Theorem 1: Closure
For real x, y, the manifold operation produces a real manifested state. It is closed under real numbers.
Dimensional programming is a paradigm where computation emerges from geometric structure rather than explicit equations. The manifold operation (identity × modifier = manifested state) provides a universal substrate that works across all domains—from scalars to differential equations, from game physics to AI reasoning. This is programming designed with AI in mind: human-readable at high level, mathematically precise at low level.
At its heart, dimensional programming is built on one simple operation:
z = x ⊗ y
Where:
This simple operation gives rise to a universal structure with remarkable properties:
Dimensional programming eliminates the complexity of traditional iteration through geometric traversal:
This means you navigate through computation by following geometric connections (point → bridge → point) rather than writing nested loops and iterative constructs. The manifold structure itself provides the traversal path.
At the high level, dimensional programming is intuitive and human-readable:
// Identity-first programming
x = "player position"
y = "game state modifiers"
z = x ⊗ y // manifested state in context
At the low level, the same operation is mathematically rigorous:
// Mathematical precision
x = 5.0 (scalar, vector, matrix, function, etc.)
y = 3.0 (modifier of any type)
z = x ⊗ y (exact mathematical result)
For real x, y, the manifold operation produces a real manifested state. It is closed under real numbers.
Given z and one operand, the other can be recovered: x = z/y, y = z/x (for non-zero operands).
Each z_n contains all prior states {z_0, z_1, ..., z_{n-1}}. History is encoded in every state.
The dimensional ladder produces Fibonacci scaling naturally: [1,1,2,3,5,8,13].
The surface has perpendicular directions with opposite curvature.
The gradient angle θ = arctan(y/x) covers [0, π/2]. Every angle is represented continuously.
If x, y ∈ [0, 1], then the manifested state is bounded in [0, 1]. Numerically stable.
A quadratic-form manifested state can be expressed in a similar structural style.
The manifold knows zeros/ones automatically. Flat-paper complexity arises from 3D → 2D projection.

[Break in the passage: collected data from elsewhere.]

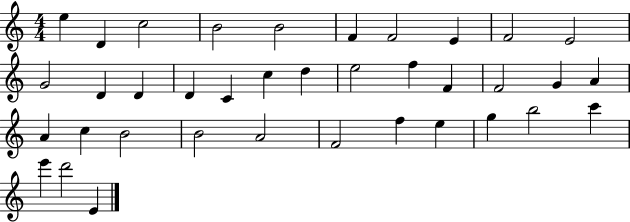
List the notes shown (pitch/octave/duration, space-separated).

E5/q D4/q C5/h B4/h B4/h F4/q F4/h E4/q F4/h E4/h G4/h D4/q D4/q D4/q C4/q C5/q D5/q E5/h F5/q F4/q F4/h G4/q A4/q A4/q C5/q B4/h B4/h A4/h F4/h F5/q E5/q G5/q B5/h C6/q E6/q D6/h E4/q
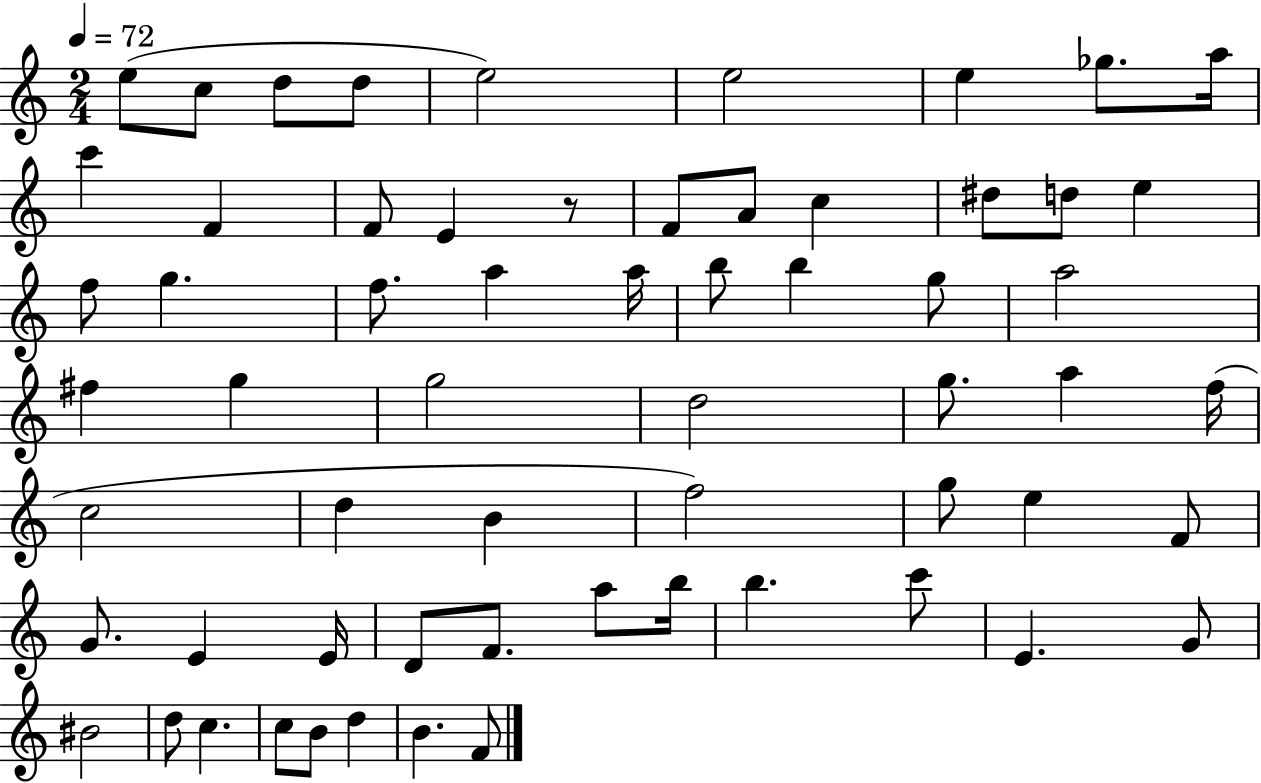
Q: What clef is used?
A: treble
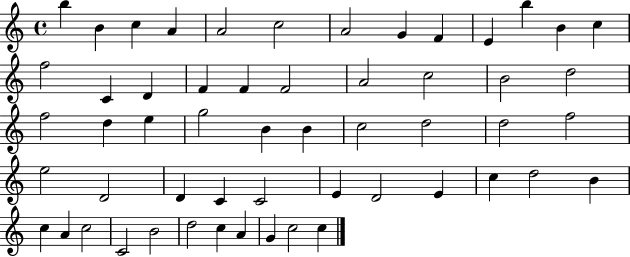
{
  \clef treble
  \time 4/4
  \defaultTimeSignature
  \key c \major
  b''4 b'4 c''4 a'4 | a'2 c''2 | a'2 g'4 f'4 | e'4 b''4 b'4 c''4 | \break f''2 c'4 d'4 | f'4 f'4 f'2 | a'2 c''2 | b'2 d''2 | \break f''2 d''4 e''4 | g''2 b'4 b'4 | c''2 d''2 | d''2 f''2 | \break e''2 d'2 | d'4 c'4 c'2 | e'4 d'2 e'4 | c''4 d''2 b'4 | \break c''4 a'4 c''2 | c'2 b'2 | d''2 c''4 a'4 | g'4 c''2 c''4 | \break \bar "|."
}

The manifold operates in the complex plane, enabling representation of physical phenomena.
Continuous decisions use manifold-valued determination graphs via Field.observe(x, y, m).
Discrete configurations use decision trees declared as data (not code).
Boolean logic is encoded as manifold operations (AND, OR, NOT, XOR).
The Schwartz Diamond is a TPMS with minimal surface area for given volume (strong but minimal material).
The manifold operation generalizes to many domains:
z = x ⊗ y (manifold operation)
Example: 5.0 × 3.0 = 15.0
z = x ⊗ y (manifold operation)
Example: [1,2,3] · [4,5,6] = 32.0
z = X ⊗ Y (manifold operation)
Example: [[1,2],[3,4]] × [[5,6],[7,8]]
z = f(t) ⊗ g(t) (manifold operation)
Example: sin(t) × cos(t)
z = x(t) ⊗ modifier(t) (solution modification)
Example: harmonic oscillator with decay
z = features ⊗ weights (prediction)
Example: machine learning inference
Dimensional programming is not just compatible with AI—it's designed for AI:
All dimensional programming is directive-compliant per X-DIMENSIONAL-AI-DIRECTIVE.md:
Dimensional programming delivers measurable improvements:
Dimensional programming is integrated across my portfolio projects:
|angle-90| ≤ ε → dimensional traverse → collapse into PointDomain; else → vector continuation.